|Born||September 30, 1927|
Chicago, Illinois, U.S.
|Died||April 15, 2017 (aged 89)|
Chicago, Illinois, U.S.
|Alma mater||Illinois Institute of Technology|
|Known for||Deputy director of Apollo program|
Led Project A119
|Awards||Peabody Award (1968)|
|Institutions||University of Chicago in Pisa|
Illinois Institute of Technology
Leonard Reiffel (September 30, 1927 - April 15, 2017) was an American physicist, author and educator. Born in Chicago, Reiffel was an electrical engineering student for a number of years before entering into research fields. He collaborated with Enrico Fermi, Carl Sagan, and members of Operation Paperclip.
Reiffel also worked for NASA and the Illinois Institute of Technology, and won a Peabody Award for his work on the radio program The World Tomorrow. His experience with broadcasting led him to invent the telestrator as a visual aid for his programming; Reiffel held over fifty different patents for his inventions.
Leonard Reiffel was born in Chicago on September 30, 1927. His father was Carl Reiffel, a silversmith credited with inventing a slide saxophone. His mother, the former Sophie Miller, was a district superintendent in the Chicago public school system. The younger Reiffel attended Theodore Roosevelt High School, before earning a bachelor's and master's degree as well as a doctorate in electrical engineering from the Illinois Institute of Technology between 1947 and 1953.
Reiffel began his career at the University of Chicago's Institute for Nuclear Studies, helping Enrico Fermi construct a 450-inch cyclotron. From there, Reiffel returned to the university at which he had studied, the Illinois Institute of Technology. Here, Reiffel was Group Vice President of the IIT Research Institute (formerly known as the Armour Research Foundation). During his tenure at the university, Reiffel created and patented over fifty different inventions, which earned him four separate R&D 100 Awards.

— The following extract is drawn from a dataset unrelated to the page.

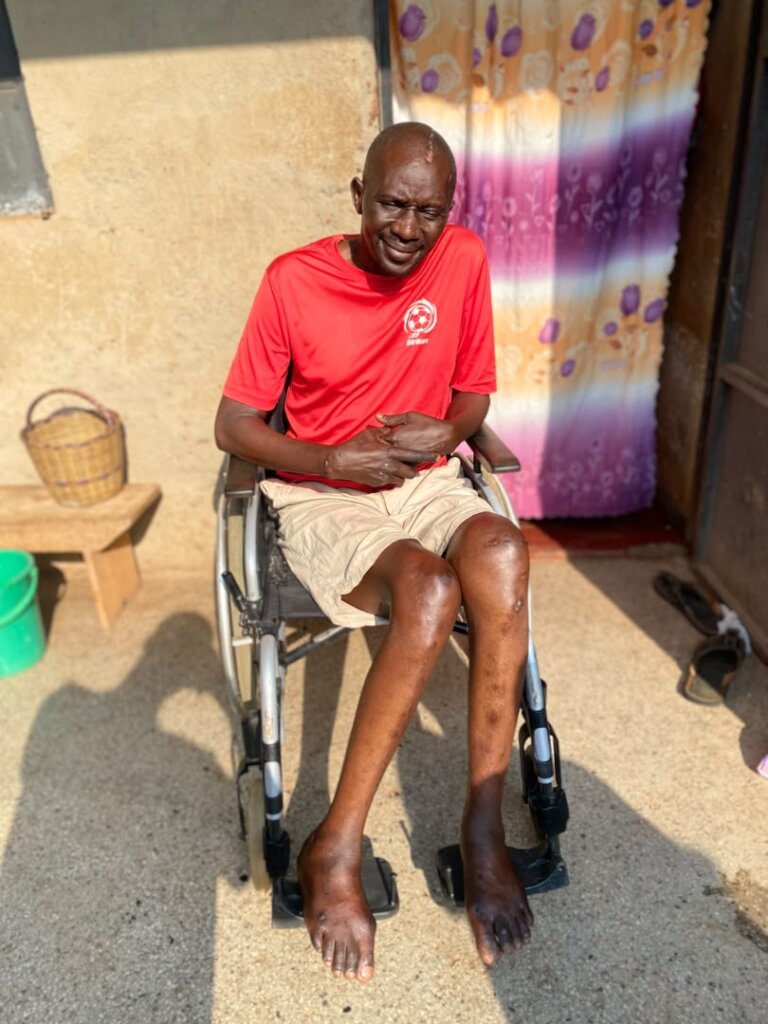 Francis can now sit, talk and smile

Reiffel also collaborated with German scientists recruited in America as part of Operation Paperclip, working on an early prototype for a railgun.

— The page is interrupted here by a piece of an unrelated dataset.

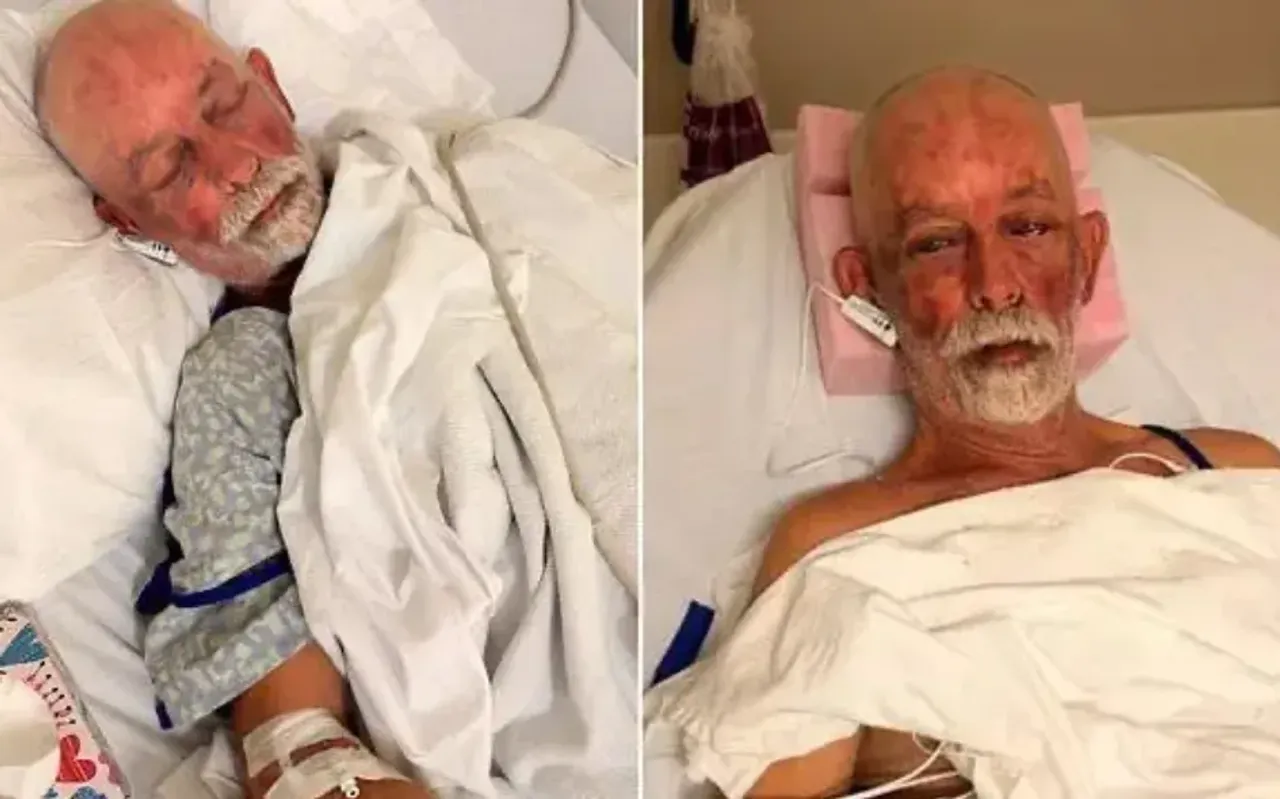 Man pressed along with garbage survives in the USA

Reiffel was involved in several positions in NASA's Apollo program, moving from being a consultant on the possibility of life on the Moon to become deputy director of the project, a post he held from 1965-1969. During this time, Reiffel was also put in charge of Project A119, a United States Air Force project intending to detonate a nuclear warhead on the Moon. Reiffel worked alongside Carl Sagan and Gerard Kuiper on the project. Reiffel also chaired the Interagency Manned Space Flight Experiments Board for several years, a body which worked alongside NASA, the United States Air Force, and the United States Department of Defense.

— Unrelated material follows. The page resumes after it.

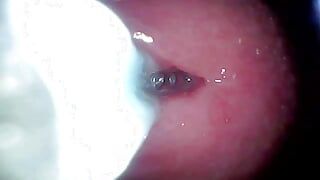 The camera in the penis shows the best picture of the male orgasm event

Reiffel's work on radio and television has included Backyard Safari, Dimensions on Tomorrow's Living and The World Tomorrow.Backyard Safari was nominated for an Emmy Award, whilst Reiffel was honored with a Peabody Award in 1968 for his work on The World Tomorrow. Reiffel's time as a broadcaster led to him developing the telestrator, a device for drawing over still or moving video images; the device is now commonly employed by American football broadcasters while discussing plays. Reiffel first used the telestrator as part of Backyard Safari before convincing WBBM-TV weatherman John Coughlin to use it as part of his forecasts; it was from there that sports anchor Johnny Morris introduced its use to sports broadcasting.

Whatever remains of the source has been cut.